Con tanto Estatut y tanto rollo cebollo, casi se me olvida glosar el galardón ciudadano y pilarista a mi admirado Javier Tomeo, escritor aragonés que tiene la prudencia de vivir en Barcelona y el gusto de veranear en Cadaqués (aunque aquello ya no es lo que fue), donde solemos encontrarnos alguna que otra tarde estival en la terraza del bar Maritim y hablamos de paisano a paisano, bebiendo cerveza, entretenidos y despistados por el pasar y traspasar de las jóvenes guiris en bikinis, tangas, shorts y otras diabluras.

Javier ya fue pregonero del Pilar, y ahí estuvo el hombre desgañitándose en el balcón de la Casa Consistorial para hacerse oír por el chusmazo que había abajo. "No te esfuerces, hombre, que la prosa ya te la leerán mañana en los periódicos", le dije yo.

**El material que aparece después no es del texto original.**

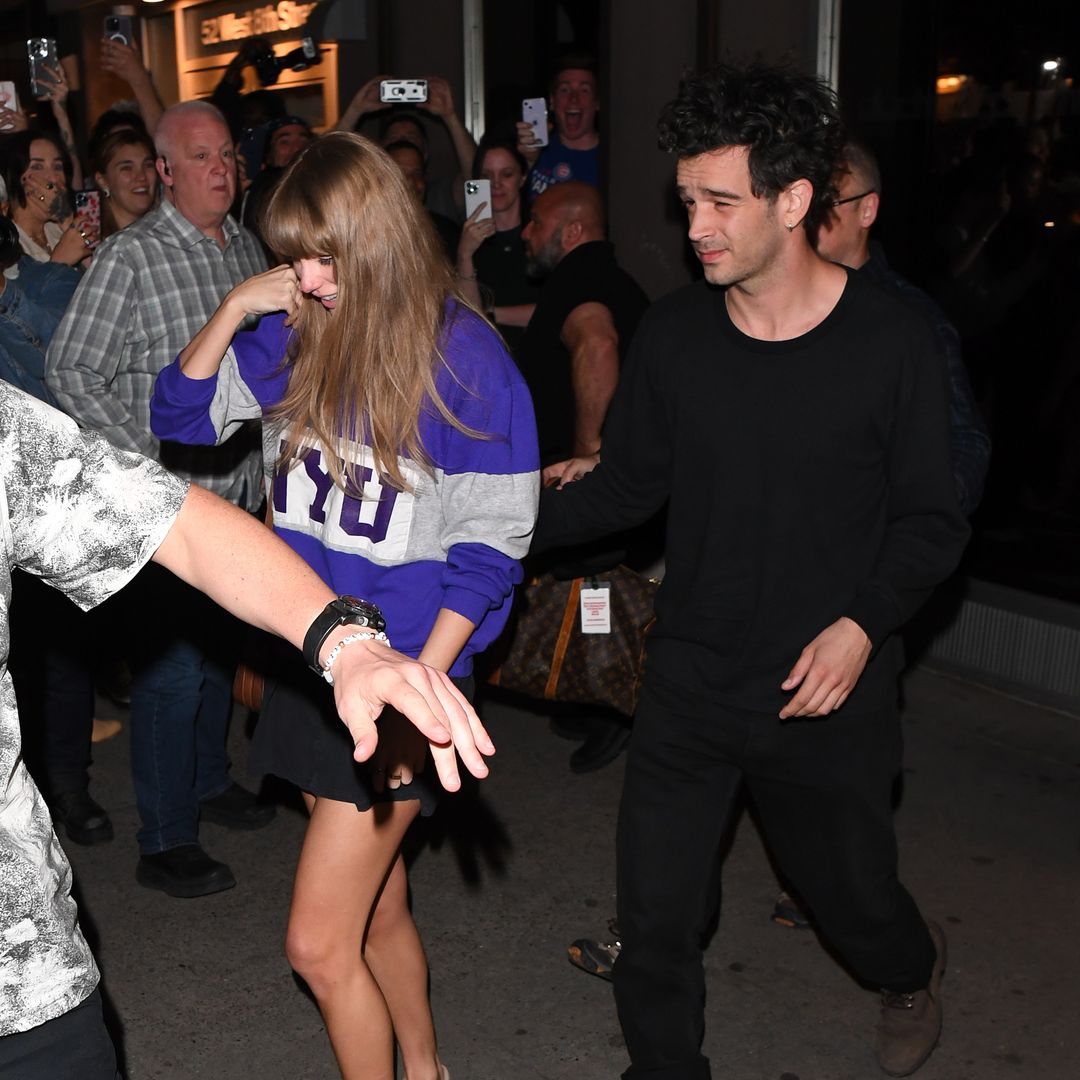 Matty Healy appears to take a jab at Taylor Swift during Glastonbury performance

Pero el novelista de los tiempos muertos, las acciones detenidas, la espesura oscura y los seres enajenados porfió con su pregón en un intento imposible. Ahora, de premio, le han dado la medalla de la ciudad. A su lado, el arzobispo Yanes ha sido nombrado hijo adoptivo de la muy idiota y siempre conservadora capital de Aragón y de la gloriosa Hispanidad.

Me alegro mucho por Tomeo (incluso por Yanes, que servidor no es sectario ni rencoroso). Zaragoza necesita disponer de aragoneses exitosos y nombrados en el exterior que no hayan sido contaminados por los asuntos internos, que no hayan tenido que tocar con sus propias manos la caca que trajinamos aquí y que no hayan disgustado ni se hayan disgustado con nadie. Ese es el perfil de Javier, un creador genial y genuinamente aragonés, aunque habite, para su seguridad, en Cataluña. El y los personajes como él nos permiten otorgar premios y galardones institucionales sin rompernos la cabeza ni caer en tremendos debates ideológicos sobre quiénes y por qué son nuestros ángeles o nuestros demonios.

Si te han de homenajear en Zaragoza, está claro: o eres de los tomeos o vienes aquí de arzobispo.